I went to a delightful children's puppet show this afternoon, the story of Rikki-Tikki-Tavi. I wanted to see it because there was supposed to be a variety of puppet types, and the technical aspects of puppets interest me.
Here's a long shot of the set, the puppet theater, so you can understand the staging.
Here, Rikki-Tikki-Tavi (the mongoose) makes friends with the boy, Teddy. Rikki-Tikki is a hand puppet, and the operator could change from the narrator to the boy simply by wearing the mask or not.
Here is Darzee the Tailor Bird. The cobras eat one of the bird's babies. Darzee was a puppet on a stick whose mouth could open or close.
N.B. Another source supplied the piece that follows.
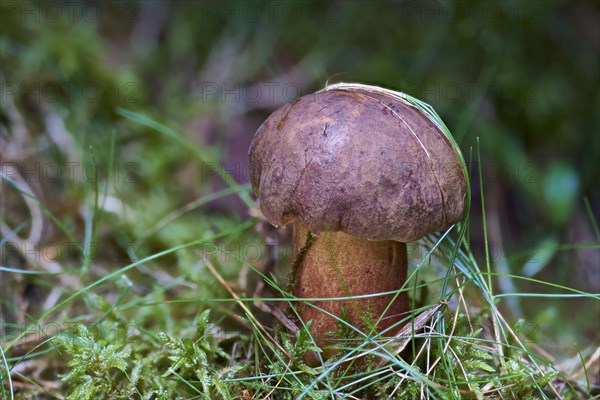 Dotted stem bolete (Neoboletus erythropus)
The two cobras, Nag and Nagaina discuss what they will do since Rikki-Tikki has now destroyed their eggs. (The story was re-written to some extent, and the timeline changed, so that only one human character was needed, plus the narrator.) The snakes were stick manipulated with an articulated jaw and a hood that could spread. The bodies were probably rubber, as they could coil around easily and look quite realistic, although I thought their faces were too cartoon-ish and not evil enough.
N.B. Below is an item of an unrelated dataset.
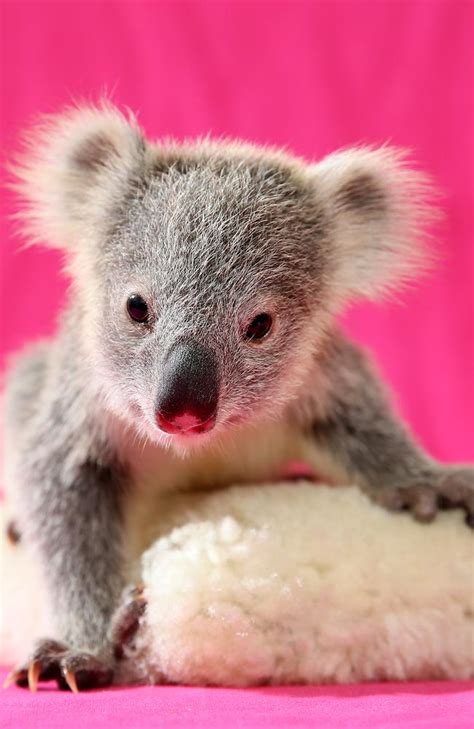 Only a few inches long. Cute koala joey Louise drops from her tree into a chicken ...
Rikki-Tikki-Tavi and Nag face off for a fight to the death.
I thought the puppeteer was quite skilled, and the play believable, even though you could often see his hands. The kids in attendance had no problem with this. I watched them a fair amount too, to see how they were following the story.
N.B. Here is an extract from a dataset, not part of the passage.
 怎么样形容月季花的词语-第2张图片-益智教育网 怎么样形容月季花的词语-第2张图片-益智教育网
Here's my take on that. Although they paid attention well, and called for Nag in unison when Nagaina requested it, I don't think the 120-year old story (Rudyard Kipling, 1894) translated well to the world-view being taught today.
The kids often giggled when the snakes were talking to each other, and some seemed to be sorry for Nag when Rikki-Tikki killed him.
And here is the clincher. Afterwards, I overheard two college-age boys discussing the play. One asked, "Why was it OK for the mongoose to kill the cobra's eggs, but not OK for the snake to kill the bird eggs?"
In this day and age of having respect for life forms of all kinds (although I'm betting these kids will gladly kill a mosquito), the reality of cobras being an ever-present deadly threat to a family living in India has been lost. The reason the story was meaningful to children and adults in the past was because there were real dangers near at hand, and of course people were going to value animals who protected them above those who sought to harm.
I missed the very beginning (wrote the time down wrong), but I think, sadly, this story would probably need introduction to help today's children relate. Perhaps that was done. I just don't know.
Literature from other ages is always valuable, but sometimes we need to educate ourselves or an audience to understand it.